When we met on a temp job, Barbara and I were starting over from zero.  Both broke, we went from one free art gallery to another, telling our divorce stories to each other.  We included our Fathers in the list of Men Who Had Not Understood Us.  Neither of us had brothers.  We knew that we had been disappointments in not being born male.

In this seesaw of amateur therapy, we found real jobs and success.  Eventually her company was downsizing and Barbara took a nice lump sum “buy-out”.  Now a sophisticated San Franciscan, she was returning to Ohioin triumph to realize her dream of a career in the Arts.

That Easter we decided to dress up and brunch.  Sight unseen, I suggested Thiggy’s Restaurant at Lincoln Park Golf Course so we could visit the Legion of Honor Museum nearby.

The worn and timeless look of the 1940’s clubhouse reminded me of Recreation Golf Course in Long Beachwhere Dad had taken me as a child.  He would “hit out a few balls” and I would bask in the atmosphere, pretending I was one of the bronzed women striding past in visor caps.

I went to Recreation’s clubhouse after Dad’s death.  I wanted to be with him in the way he had been on the golf course when I was little – before our differences emerged in my teens.

Powdering my paleness at Thiggy’s long bathroom mirror, I listened as cleats announced the entrance and exit of tanned non-brunchers.  Hearty greetings to each other echoed across the black and white geometry of tiles. 

A novice waitress filled our water glasses with champagne.  We toasted the repeated stories of our emergence as independent women.  We vowed never again to lose our self-respect in bad relationships.  We described our imagined selves in five years’ time when we would meet again, more gloriously successful than either of us dared dream.

As we left, I watched a slow putt dip into the hole on a verdant green and a foursome comment encouragingly:  “Nice one.”  “Good shot.”  How civilized it all seemed!  My ex-husband’s game had been football.  Each season I heard shouts of “Kill him!” directed at the TV.

Climbing up the hill to the museum, we paused to look at the rolling greens, smelling of damp eucalyptus.  I found myself talking of my Father as I remembered him at the golf course – describing a patrician rather than an autocrat.

Off the path a bit, a perfect white Titleist Golf Ball was sitting in a circle made by tree limbs lined with dried grass and leaves.  For all the world it looked like an egg in Nature’s Easter Basket.
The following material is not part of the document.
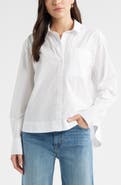 Caslon® Long Sleeve Drop Hem Button-Up Shirt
We made much of this synchronistic symbol and reassured each other that our friendship would not be lessened by distance.

Last Easter, the jewels of Cartier were on view at the Legion of Honor.  I wanted to arrive early to see these beautiful treasures without the crowds.  Wearing gloves and a down jacket against the fog and wind, I watched tan legs in Bermuda shorts squat to line up putts, oblivious to the weather and the world.

Looking through the cypress to the bay and hills, I thought of my feelings toward my Father that had come out that Easter.  I had been proud of him.  I had wanted to be close but could never breach the expanse between our personalities.  I wanted that feeling of being in Dad’s world again.

I had passed Thiggy’s several times over the years but had never gone inside again.  I thought of the champagne brunch and the Golf Ball Easter Egg each time I passed.  I went down the hill at once, realizing the memory of my Father as I wanted him to be was only present for me on the golf course.

Inside the clubhouse it was still 1947.  The smells of grass, leather and men’s cologne lingered at the oak paneling of the trophy case.  Childhood recollections of Dad flooded back to me.  I had grown older, but in that atmosphere my memories were in situ.

I have learned to spend a little time once in a while on that path to the museum.  I have healed the aches of many misunderstandings that my Father and I had when he was alive. 

I see him now as a contemporary, not an elder, and I think I understand more of the world from his perspective.

Although she often forgot my birthday, my Mother gave me an Easter basket every year until she died.  It was her favorite holiday.  A Baptist, she said everyone could have a rebirth at Easter if they would only take the time to begin again.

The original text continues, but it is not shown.